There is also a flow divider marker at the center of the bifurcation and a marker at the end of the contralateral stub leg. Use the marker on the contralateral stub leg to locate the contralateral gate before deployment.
--
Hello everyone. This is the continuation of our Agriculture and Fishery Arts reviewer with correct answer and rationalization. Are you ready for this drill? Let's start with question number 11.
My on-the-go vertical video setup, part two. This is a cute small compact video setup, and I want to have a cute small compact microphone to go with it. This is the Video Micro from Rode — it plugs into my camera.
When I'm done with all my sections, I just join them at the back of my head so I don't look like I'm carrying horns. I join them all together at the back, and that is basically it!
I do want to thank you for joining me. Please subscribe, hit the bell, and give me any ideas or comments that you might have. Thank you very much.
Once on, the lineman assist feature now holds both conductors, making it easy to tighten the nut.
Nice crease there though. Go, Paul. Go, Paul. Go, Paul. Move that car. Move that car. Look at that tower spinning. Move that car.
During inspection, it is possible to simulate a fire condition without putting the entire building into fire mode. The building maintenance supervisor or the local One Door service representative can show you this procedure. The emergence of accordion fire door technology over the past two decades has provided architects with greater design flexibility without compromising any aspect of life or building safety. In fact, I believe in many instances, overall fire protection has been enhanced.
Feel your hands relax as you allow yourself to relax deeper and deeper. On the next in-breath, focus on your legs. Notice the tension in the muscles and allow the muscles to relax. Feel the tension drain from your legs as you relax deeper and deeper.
--
TASK INSTRUCTIONS:
Produce a word-for-word copy of everything above from the line holding "When I'm done" down to the line holding "During inspection, it", with both of those lines kept.

EXPECTED ANSWER:
When I'm done with all my sections, I just join them at the back of my head so I don't look like I'm carrying horns. I join them all together at the back, and that is basically it!
I do want to thank you for joining me. Please subscribe, hit the bell, and give me any ideas or comments that you might have. Thank you very much.
Once on, the lineman assist feature now holds both conductors, making it easy to tighten the nut.
Nice crease there though. Go, Paul. Go, Paul. Go, Paul. Move that car. Move that car. Look at that tower spinning. Move that car.
During inspection, it is possible to simulate a fire condition without putting the entire building into fire mode. The building maintenance supervisor or the local One Door service representative can show you this procedure. The emergence of accordion fire door technology over the past two decades has provided architects with greater design flexibility without compromising any aspect of life or building safety. In fact, I believe in many instances, overall fire protection has been enhanced.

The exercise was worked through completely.